Affiliation:
1. 1Department of MLT, Assam down town University, Guwahati, Assam, India.
2. 2Department of Operation Theatre Technology, Royal School of Medical and Allied Sciences, The Assam Royal Global University, Guwahati, Assam, India.
3. 3Department of Dialysis, Assam down town University, Guwahati, Assam
Abstract
This review highlights the existence of Paragonimus (PRG) and how they are mistaken for Tuberculosis (TB) during diagnosis. PRG is a parasitic lung fluke (flatworm) that infect the lungs, human serves as the first hosts, crabs, crayfish, and snails as the second intermediate hosts.
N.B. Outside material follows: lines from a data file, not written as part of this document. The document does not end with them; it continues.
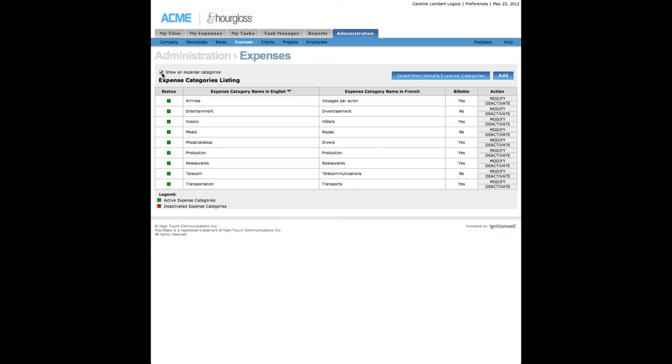Click Show All Rates or All Expense Categories to view all activated or deactivated rates or expense categories.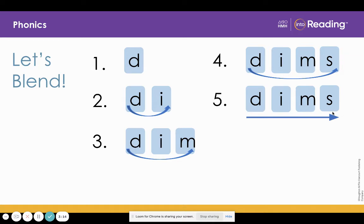What word? Dims. Nice job. The word is dims. Mateo dims the lights.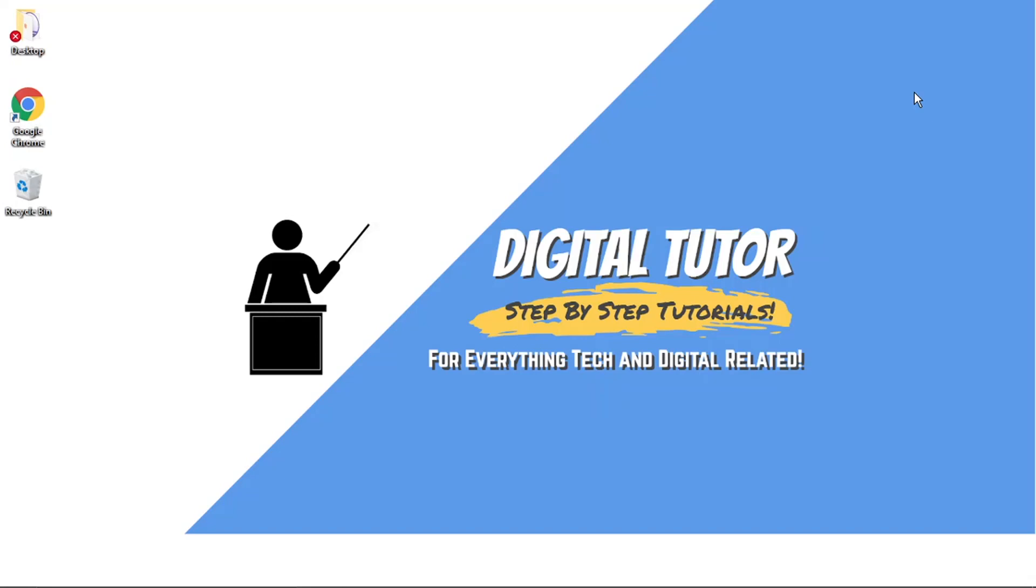Hi guys, what's going on? It's the Digital Tutor here with another step-by-step tutorial. In today's video, I'm going to show you how to make a Discord welcome channel using the MEE6 bot.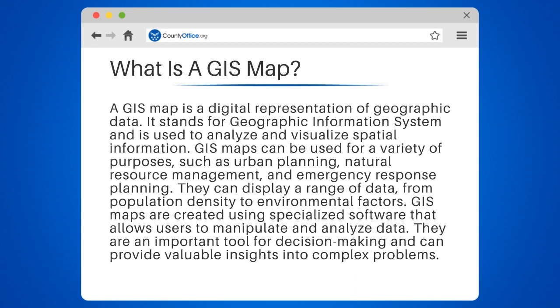GIS maps can be used for a variety of purposes, such as urban planning, natural resource management, and emergency response planning.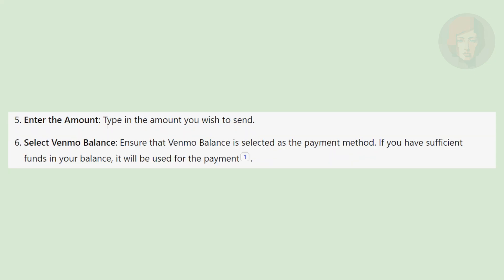Type in the amount you wish to send. Then ensure that Venmo balance is selected as the payment method. If you have sufficient funds in your balance, it will be used for the payment.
The north-eastern states of India are endemic to PRG and infection is acquired by consuming uncooked or partially cooked crustaceans. Due to their similar clinical presentation to TB, PRGs are usually misdiagnosed, leading to delayed treatment. Ziehl-Neelsen (ZN) stain, conventional wet film for staining the sputum, pleural fluid, and stool, and lung biopsy are different laboratory tests to determine PRG infection. In addition, efficient technique that can aid diagnosis are immunological assays, like Enzyme-linked immunosorbent assay (ELISA), dot-ELISA, complement fixation test (CFT), intradermal test (ID), Western blot, immunodiffusion and indirect haemagglutination test (IHA). In India, PRG infection is most likely to persist until medical professionals and governing bodies raise awareness to implement adequate management measures.